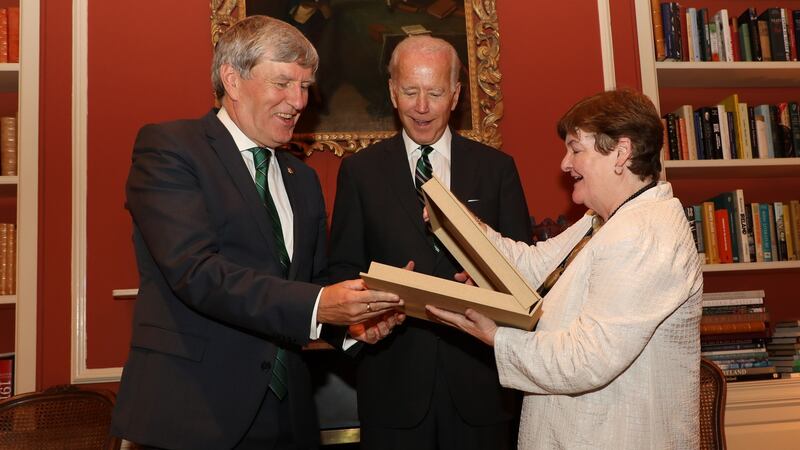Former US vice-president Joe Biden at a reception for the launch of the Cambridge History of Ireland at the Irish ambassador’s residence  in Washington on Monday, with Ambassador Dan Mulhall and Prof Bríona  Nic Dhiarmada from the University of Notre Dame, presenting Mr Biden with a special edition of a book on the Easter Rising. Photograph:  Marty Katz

...

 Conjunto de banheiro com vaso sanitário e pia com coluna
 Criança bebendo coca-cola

> Action item
Begin with the line above that has "Conjunto de banheiro" and continue through the line that has "Criança bebendo coca-cola", setting each one down exactly. Stop there.

> Written solution
 Conjunto de banheiro com vaso sanitário e pia com coluna
 Criança bebendo coca-cola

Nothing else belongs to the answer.